[Web page caption snippets]
__________________________________________________
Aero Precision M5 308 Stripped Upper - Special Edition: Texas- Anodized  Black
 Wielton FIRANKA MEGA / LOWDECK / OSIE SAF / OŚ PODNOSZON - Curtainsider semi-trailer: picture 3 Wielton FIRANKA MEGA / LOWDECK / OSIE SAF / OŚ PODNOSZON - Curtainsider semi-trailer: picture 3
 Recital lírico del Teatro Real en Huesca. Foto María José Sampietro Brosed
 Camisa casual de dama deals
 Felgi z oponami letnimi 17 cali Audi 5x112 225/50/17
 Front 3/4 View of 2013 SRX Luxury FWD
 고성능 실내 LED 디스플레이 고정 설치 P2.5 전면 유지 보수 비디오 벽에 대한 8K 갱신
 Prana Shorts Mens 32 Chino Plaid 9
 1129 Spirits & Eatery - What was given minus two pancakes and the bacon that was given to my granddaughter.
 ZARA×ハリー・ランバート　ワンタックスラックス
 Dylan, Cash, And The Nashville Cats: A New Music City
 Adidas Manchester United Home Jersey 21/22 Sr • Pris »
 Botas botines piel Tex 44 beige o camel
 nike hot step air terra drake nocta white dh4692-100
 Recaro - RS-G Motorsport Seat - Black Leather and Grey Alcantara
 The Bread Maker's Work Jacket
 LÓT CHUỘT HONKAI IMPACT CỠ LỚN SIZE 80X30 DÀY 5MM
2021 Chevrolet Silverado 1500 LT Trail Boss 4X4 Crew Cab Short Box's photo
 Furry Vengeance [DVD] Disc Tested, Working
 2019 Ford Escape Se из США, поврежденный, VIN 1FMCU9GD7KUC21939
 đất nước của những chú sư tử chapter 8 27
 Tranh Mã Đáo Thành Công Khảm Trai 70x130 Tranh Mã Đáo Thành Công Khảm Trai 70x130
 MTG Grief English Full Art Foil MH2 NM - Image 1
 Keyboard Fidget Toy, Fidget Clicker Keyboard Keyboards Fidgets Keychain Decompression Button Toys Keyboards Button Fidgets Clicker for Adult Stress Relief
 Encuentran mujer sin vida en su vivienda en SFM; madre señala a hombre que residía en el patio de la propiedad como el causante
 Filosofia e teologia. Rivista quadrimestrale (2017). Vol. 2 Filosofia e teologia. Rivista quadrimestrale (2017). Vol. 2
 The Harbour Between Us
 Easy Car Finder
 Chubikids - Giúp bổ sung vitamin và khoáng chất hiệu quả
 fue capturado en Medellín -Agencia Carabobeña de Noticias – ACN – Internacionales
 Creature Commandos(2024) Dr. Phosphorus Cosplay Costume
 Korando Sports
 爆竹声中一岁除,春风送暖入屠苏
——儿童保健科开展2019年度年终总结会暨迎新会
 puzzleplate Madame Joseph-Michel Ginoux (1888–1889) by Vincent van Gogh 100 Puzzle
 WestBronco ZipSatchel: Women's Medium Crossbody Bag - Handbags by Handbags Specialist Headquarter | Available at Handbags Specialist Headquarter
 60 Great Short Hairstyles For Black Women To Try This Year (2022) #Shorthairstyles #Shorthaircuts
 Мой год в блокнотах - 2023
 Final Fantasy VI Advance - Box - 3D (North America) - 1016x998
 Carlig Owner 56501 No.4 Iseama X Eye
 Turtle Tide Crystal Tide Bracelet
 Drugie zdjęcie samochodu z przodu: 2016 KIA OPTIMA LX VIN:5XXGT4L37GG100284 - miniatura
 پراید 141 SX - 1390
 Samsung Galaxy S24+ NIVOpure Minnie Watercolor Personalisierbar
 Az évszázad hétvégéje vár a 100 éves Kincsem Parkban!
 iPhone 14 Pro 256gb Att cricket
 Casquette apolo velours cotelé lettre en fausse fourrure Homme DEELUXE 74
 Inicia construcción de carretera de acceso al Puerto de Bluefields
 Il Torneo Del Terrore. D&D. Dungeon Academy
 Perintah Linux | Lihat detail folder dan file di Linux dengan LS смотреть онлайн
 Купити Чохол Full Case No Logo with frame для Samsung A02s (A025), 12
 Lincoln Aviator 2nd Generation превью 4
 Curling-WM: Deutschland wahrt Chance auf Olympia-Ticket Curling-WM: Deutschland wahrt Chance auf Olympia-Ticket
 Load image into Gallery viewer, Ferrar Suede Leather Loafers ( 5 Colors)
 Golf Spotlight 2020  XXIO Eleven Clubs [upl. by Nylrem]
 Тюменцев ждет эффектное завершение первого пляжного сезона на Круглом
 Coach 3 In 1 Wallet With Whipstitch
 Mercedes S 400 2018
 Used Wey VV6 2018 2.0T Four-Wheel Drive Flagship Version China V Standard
__________________________________________________
- EXERCISE
In the data above, start at the line that has "Inicia construcción de", stop after the line that has "Perintah Linux |", and print every line in between exactly as it stands.

- ANSWER SECTION
 Inicia construcción de carretera de acceso al Puerto de Bluefields
 Il Torneo Del Terrore. D&D. Dungeon Academy
 Perintah Linux | Lihat detail folder dan file di Linux dengan LS смотреть онлайн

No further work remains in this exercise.